Tech 02 Feb 2005 01:55 pm
Blog spammers
On the one hand, I love MT-Blacklist. Yesterday alone, it blocked 136 trackback spams and 39 comment spams to my blog. Most of them were for some type of, and I’m almost afraid to use this expression, online casino. Others were for various types of quasi-legal pharmaceutical drugs (the drugs are legal; the sellers, not so much). I used to have MT-scode generating a CAPTCHA challenge for comment posters, but it stopped working thanks to something my hosting provider did, so I had to switch (and it doesn’t protect trackbacks, anyway).
On the other hand, though, I hate these guys. It’s annoying. It’s like talking against a background of white noise that gets louder and louder. It’s worse than e-mail spam, in a way, because, if it stays online (and you bet that it does, in many abandoned or not actively watched blogs) the spam “hits” many people with just one placement. For e-mail spam, it either hits the owner of the mailbox, or it doesn’t hit anyone; blog spam is closer to newsgroup spam, I think, except that almost no one reads newsgroups anymore.
My mailboxes have been reasonably clean of spam for a while now, thanks to some very good implementations of bayesian filtering.

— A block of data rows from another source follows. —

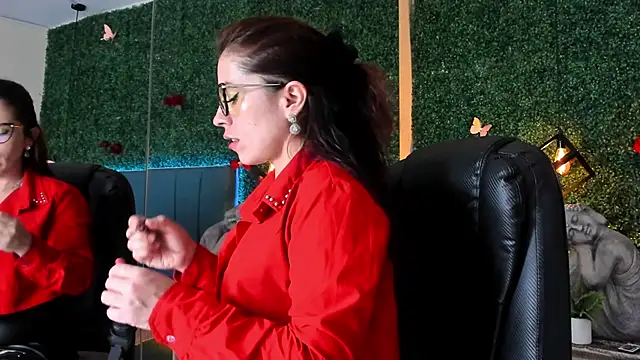 Snapshot of Linagh_ chatting on June 19, 2026, 11:38 am Linagh online show from June 19, 2026, 11:38 am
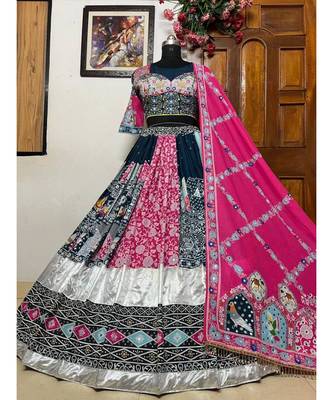 Printed Lehenga Choli in Heavy Muslin Cotton with Real Mirror Work 4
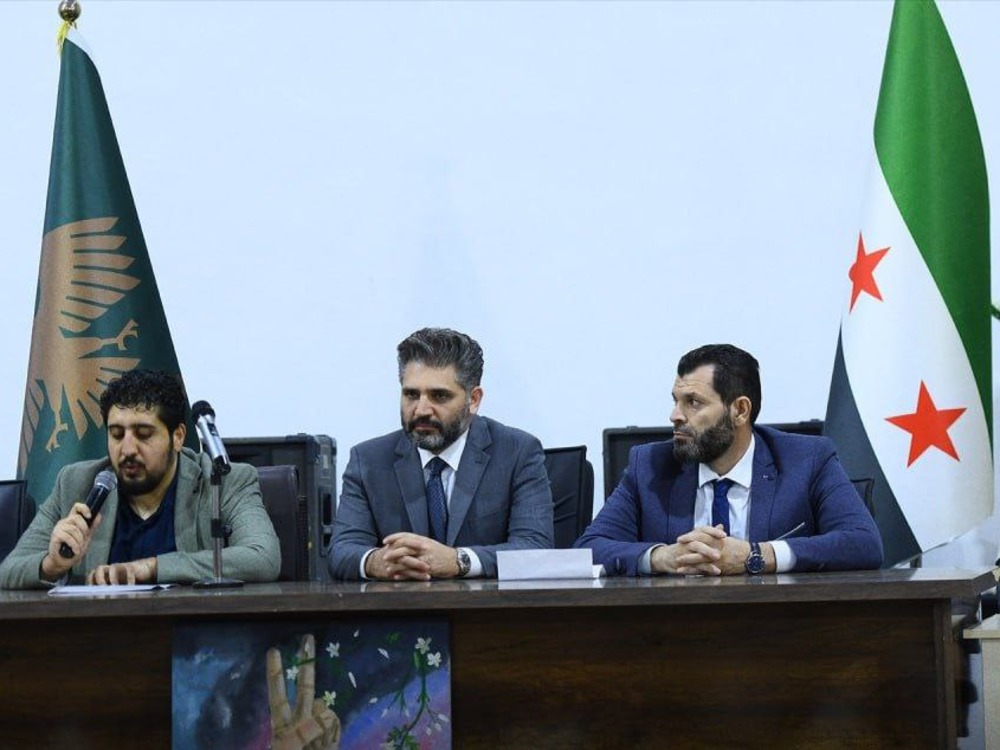 وزير الثقافة يفتتح معرضاً للتراث والفنون في عفرين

I understand that there are bayes-based comment spam filters around, but last time I checked they weren’t very usable. Maybe it’s time to either check again or to start working in one…
One Response to “Blog spammers”






on 04 Mar 2005 at 2:04 pm 1.Tennessee Leeuwenburg said …
I don’t seem to get any spam at all on my blog. My wiki site has only been defaced three times in about 2 years. I get more spam at work via my nonlisted email address than I do through my personal email address, which I scatter about the web like a breadcrumb lots of times… Maybe blogger.com just does it for me without asking.